Scientific name:Cynoscion nebulosus
Common name(s):Speckled Trout or Spotted Weakfish
Season:January–May
Similar species:Grouper, Red Snapper
Common Cooking Methods:

Bake, Blacken, Boil, Deep Fry, Grill, Poach, Raw, Sauté, Sear, Steam

Flavor:

Prized for its delicate meat, the Mississippi Gulf Spotted Sea Trout is one of the most sought-after saltwater fish species. Its mild, sweet flavor makes it a versatile option for a number of cooking preparations.

Fact:

Male Mississippi Gulf Spotted Sea Trout average about 19 inches in length while females average around 25 inches. Both usually weigh about 2–3 lbs. They have a dark gray or green back with silvery-white belly and distinct round spots on their back, fins and tail. They have no scales at all on the soft dorsal fin. They’re most often found in shallow bays and estuaries. 

 

Purchasing

Fresh: When purchasing finfish, only buy fish that is refrigerated or displayed on a thick bed of fresh ice that is not melting (preferably under some type of cover). Fish should smell fresh and mild.

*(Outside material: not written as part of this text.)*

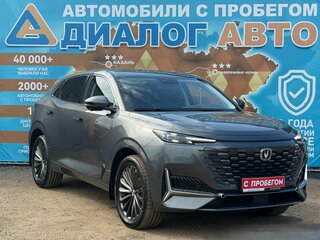 2023 Changan UNI-K, серый, 2670000 рублей, вид 3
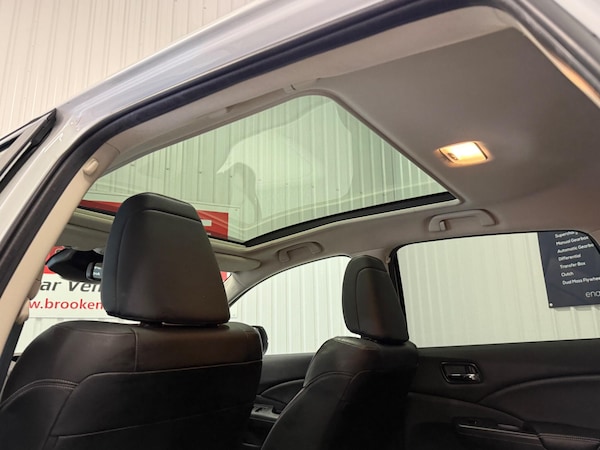 Used Honda CR-V 2016 for sale - 76239861: Photo 16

Frozen: Do not buy frozen seafood if the package is open, torn, or crushed on the edges. Avoid packages with signs of frost or ice crystals.

Storage

Fresh: Fresh raw fish should be kept in the coldest part of your refrigerator. The refrigerator should be set between 34 – 40 degrees Fahrenheit. It’s best to use fresh fish within a day or two of purchase.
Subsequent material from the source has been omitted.